Do we need data to promote diversity and equality?
Diversity and equality in work communities enrich working life and enable companies to grow and innovate. Many employers have undertaken to promote equality, which is after all their legal responsibility. However, legislation also limits how employers can go about this, as they cannot collect whatever data they want concerning their employees.
The Non-discrimination Act obligates employers of all sizes to promote equality in the workplace. For example, employers must develop their methods of choosing employees and ways of making decisions that concern employees. The measures taken to promote equality must be effective, appropriate and proportionate.
As all development efforts, promoting diversity and equality must be based on information. In order to improve the rights of a particular group, the employer needs to know how many people in the work community belong to this group and how they feel their rights are being realised. However, these good intentions may be in conflict with data protection legislation.

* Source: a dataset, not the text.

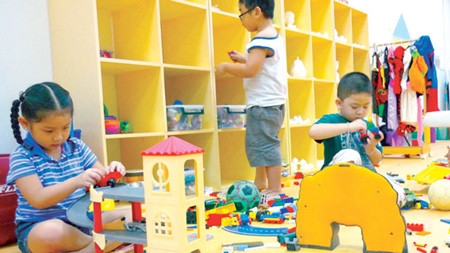 Không để trẻ chơi một mình, rất dễ xảy ra những tai nạn khó lường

In Finland, the processing of personal data is regulated in particular by the EU’s GDPR, the Finnish Data Protection Act and the Act on the Protection of Privacy in Working Life which require that there are appropriate grounds for collecting personal data. The employer may only collect data that is necessary for the employment relationship or if an obligation to collect data is specifically provided for in law. An obligation that is general in nature – promoting equality, for example – does not, as such, give employers more powers as regards collecting data.
Moreover, data that is important with respect to equality is often sensitive personal data, i.e. special categories of personal data which are strictly protected by the law. For example, processing data on a person’s health, origin or sexual orientation is generally prohibited. This applies even if the employee consents to the processing of the data.

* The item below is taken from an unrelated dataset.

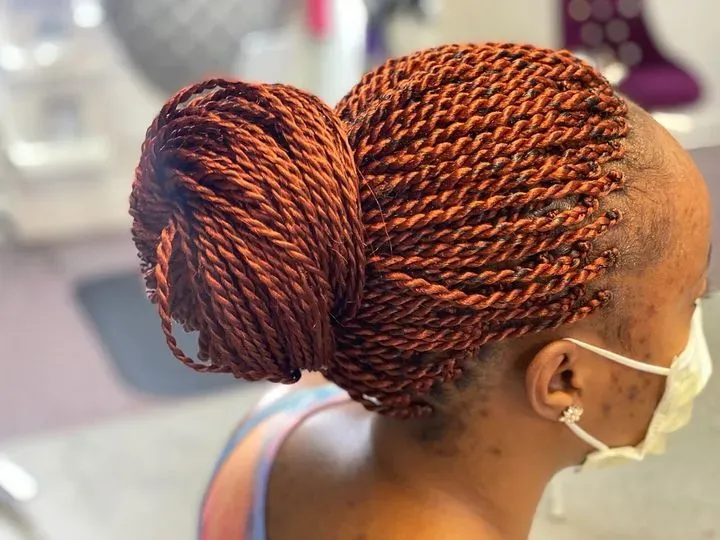 https://cdn.salonspotlight.com/photos/YDZV5TYPPcpryuxIkvuq/b6f31e6a-3f28-4ff0-a409-f45a7e3718fa_720x720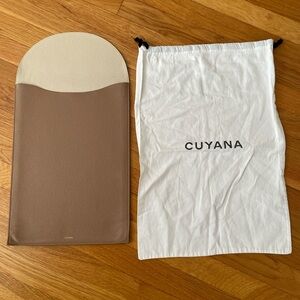 Cuyana 15" Pebble Grain Leather Laptop Sleeve in Ivory and Cappuccino color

Nevertheless, information on diversity in the work community would help the employer plan effective and appropriate measures to promote equality. Untargeted measures may be ineffective: while they might help some people, they are not specifically targeted at any particular group.
Anonymous data can be collected, but anonymity depends on the work community
Data protection laws do not apply to anonymous data, but that does not mean that an employer can ask their employees to anonymously answer any and all questions in order to promote equality.
Anonymising data does not mean hiding the names of individuals but presenting the data in a manner by which the individuals cannot be identified. Nameless data is not anonymous if it defines the object too narrowly. For example, ‘male, aged 50–55, native language other than Finnish’ might be sufficient to identify the employee in some work communities. Even keeping score of employee groups on paper might be too specific.
Statistics are typically anonymous. The law does not determine the minimum number of observations, but a general rule of thumb, which is not based on regulation, is five observations or units of data. For example, team-specific results are often not reported in personnel surveys if the team consists of fewer than five employees.
Therefore, the possibilities for data collection depend on the work community and the aspect under examination. In a larger organisation, it may be possible to collect statistics on various aspects of diversity. Even in work communities of a few dozen people there are enough persons identifying as men and women to collect anonymous data based on gender.
Building trust is always worth it
While data collecting is very restricted, often the most important factor of promoting equality is an atmosphere of openness and trust. Employees should feel that they are welcome and valued regardless of whether or not their characteristics position them as members of the majority. Such an atmosphere also fosters better results and is therefore a positive driver for the employer’s business as well.